• **RECORDS FOR PROCESSING**
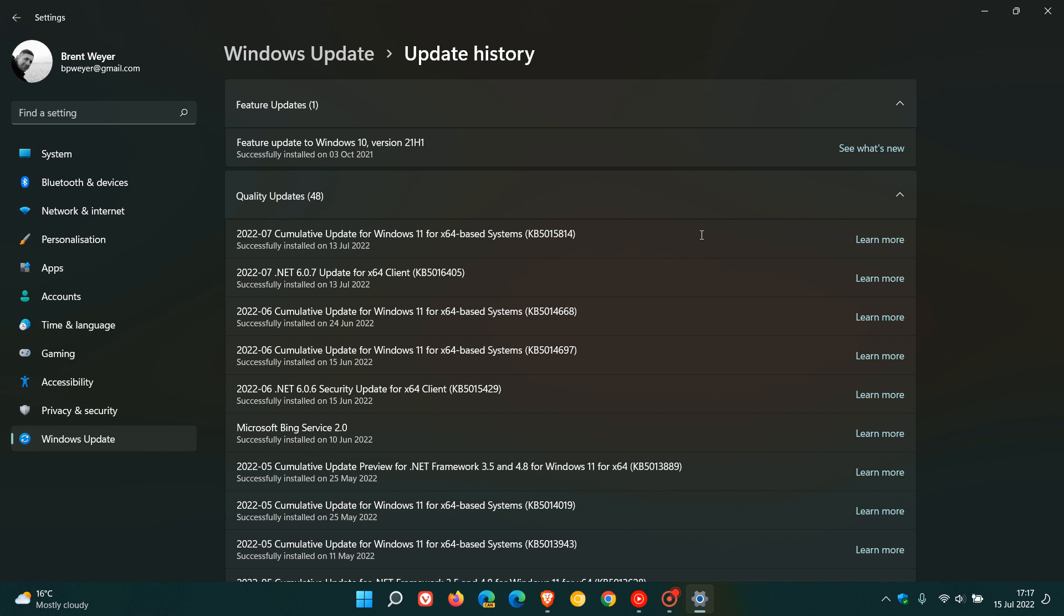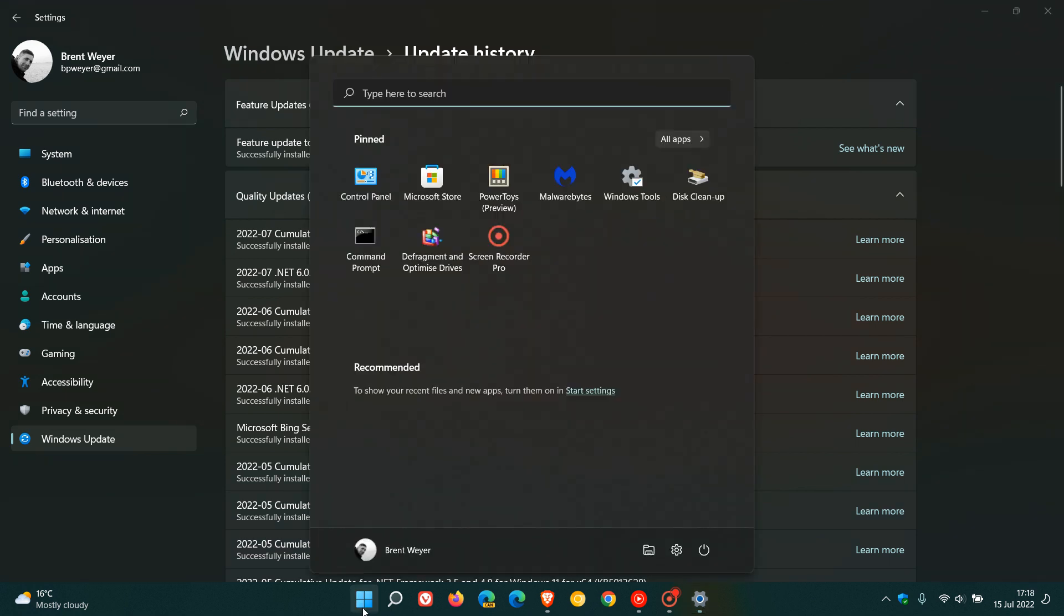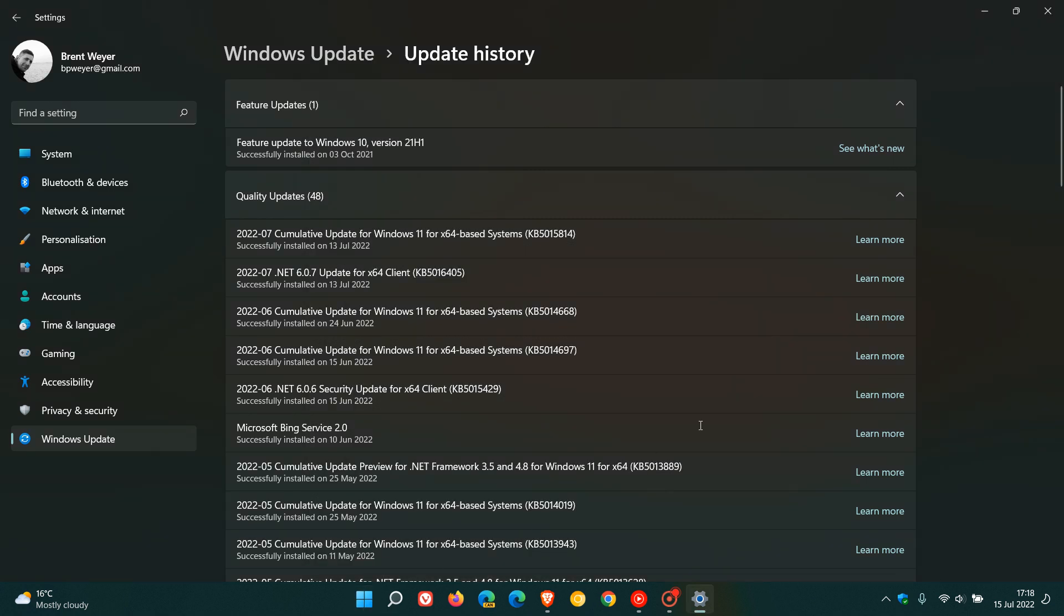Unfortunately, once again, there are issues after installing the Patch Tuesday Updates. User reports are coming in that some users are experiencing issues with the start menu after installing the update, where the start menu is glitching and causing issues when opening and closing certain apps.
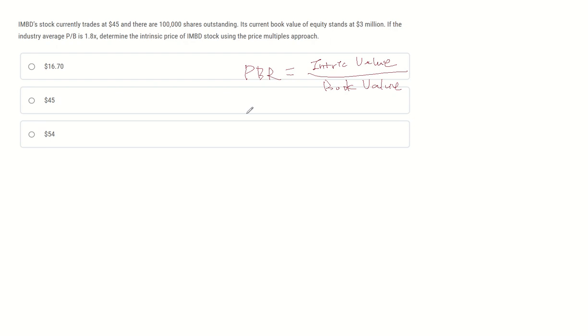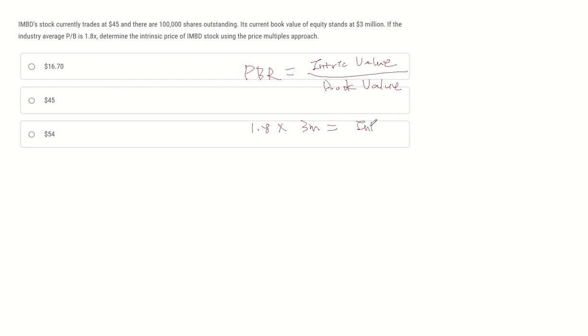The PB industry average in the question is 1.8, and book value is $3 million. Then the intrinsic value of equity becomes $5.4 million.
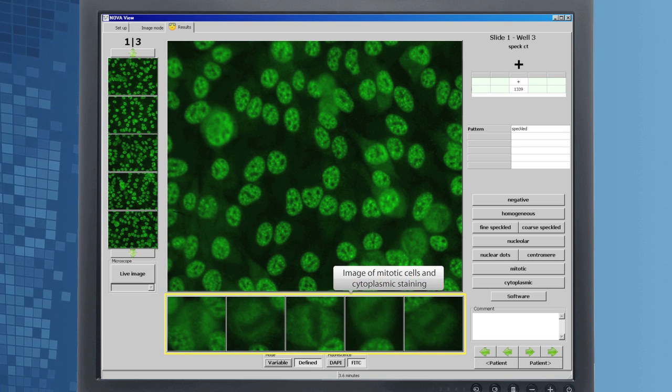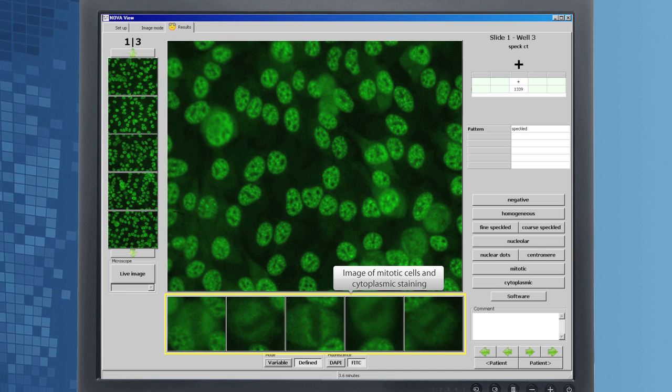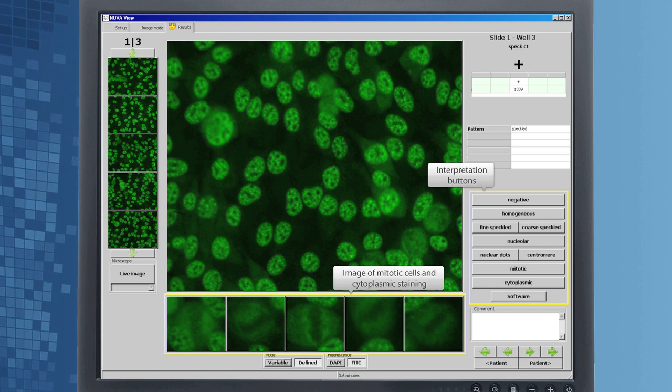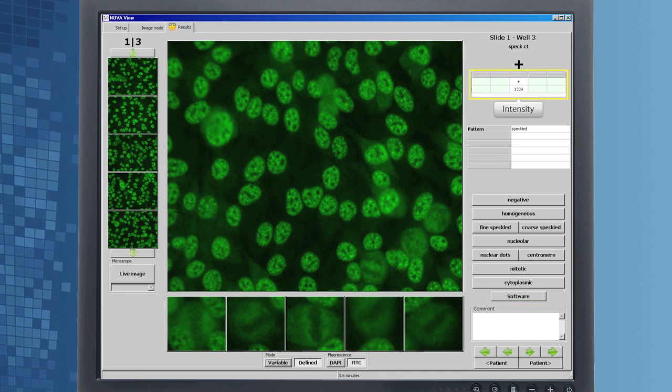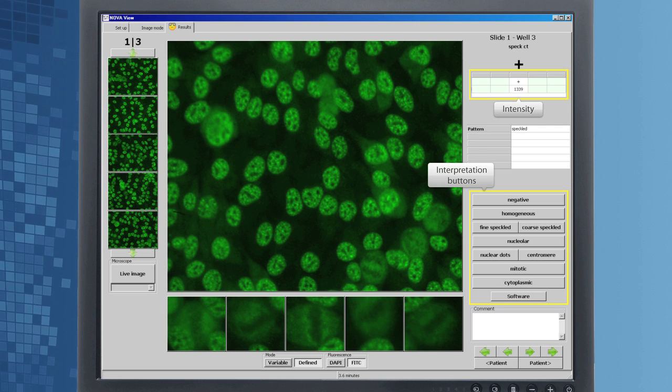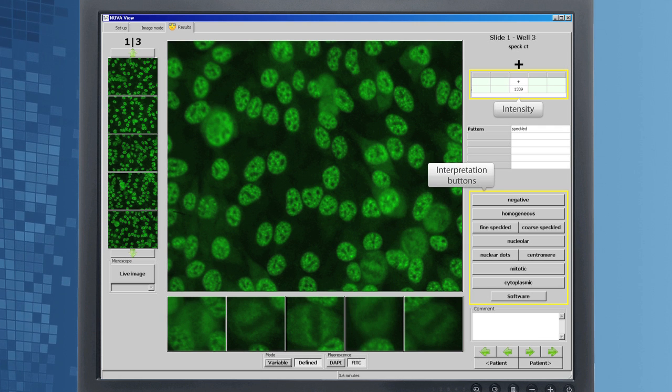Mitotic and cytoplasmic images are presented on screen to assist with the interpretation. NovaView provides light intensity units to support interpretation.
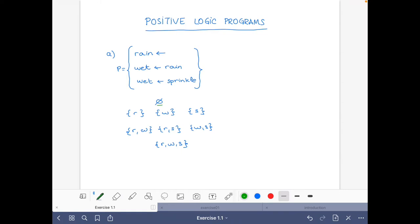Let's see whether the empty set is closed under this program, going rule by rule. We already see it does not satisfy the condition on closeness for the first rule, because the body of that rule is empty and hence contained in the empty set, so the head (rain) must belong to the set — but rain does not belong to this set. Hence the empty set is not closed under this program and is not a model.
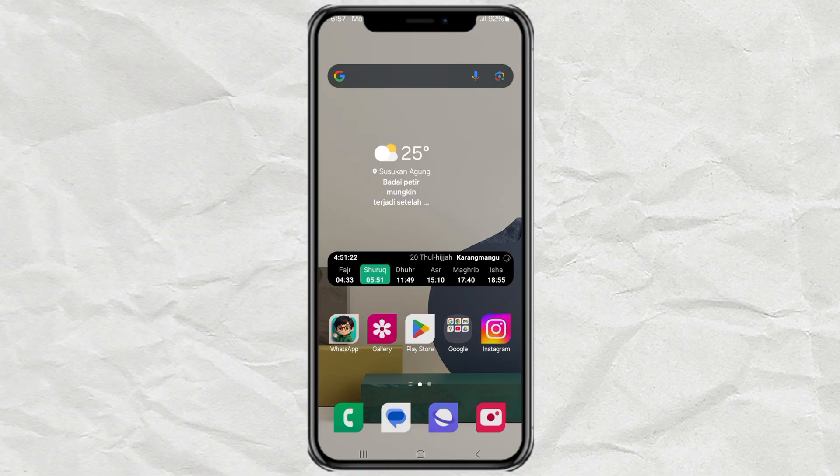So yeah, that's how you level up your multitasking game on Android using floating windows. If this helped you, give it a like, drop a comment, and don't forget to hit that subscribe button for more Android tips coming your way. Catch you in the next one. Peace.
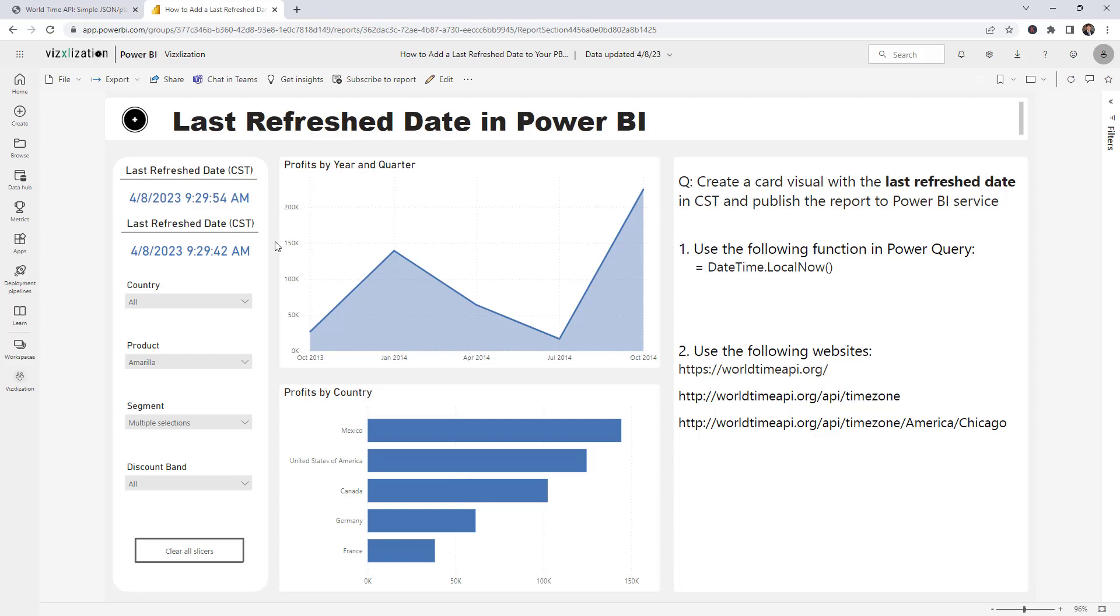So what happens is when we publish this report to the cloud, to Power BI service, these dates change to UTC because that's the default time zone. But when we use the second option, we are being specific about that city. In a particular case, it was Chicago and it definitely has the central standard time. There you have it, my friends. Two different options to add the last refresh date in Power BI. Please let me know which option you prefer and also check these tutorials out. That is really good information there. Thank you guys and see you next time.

• **EXERCISE GOAL**
Set down each line of the material exactly and skip every image.

• **ANSWER BELOW**
Unfortunately, once again, there are issues after installing the Patch Tuesday Updates. User reports are coming in that some users are experiencing issues with the start menu after installing the update, where the start menu is glitching and causing issues when opening and closing certain apps.
The PB industry average in the question is 1.8, and book value is $3 million. Then the intrinsic value of equity becomes $5.4 million.
Mitotic and cytoplasmic images are presented on screen to assist with the interpretation. NovaView provides light intensity units to support interpretation.
Let's see whether the empty set is closed under this program, going rule by rule. We already see it does not satisfy the condition on closeness for the first rule, because the body of that rule is empty and hence contained in the empty set, so the head (rain) must belong to the set — but rain does not belong to this set. Hence the empty set is not closed under this program and is not a model.
So yeah, that's how you level up your multitasking game on Android using floating windows. If this helped you, give it a like, drop a comment, and don't forget to hit that subscribe button for more Android tips coming your way. Catch you in the next one. Peace.
So what happens is when we publish this report to the cloud, to Power BI service, these dates change to UTC because that's the default time zone. But when we use the second option, we are being specific about that city. In a particular case, it was Chicago and it definitely has the central standard time. There you have it, my friends. Two different options to add the last refresh date in Power BI. Please let me know which option you prefer and also check these tutorials out. That is really good information there. Thank you guys and see you next time.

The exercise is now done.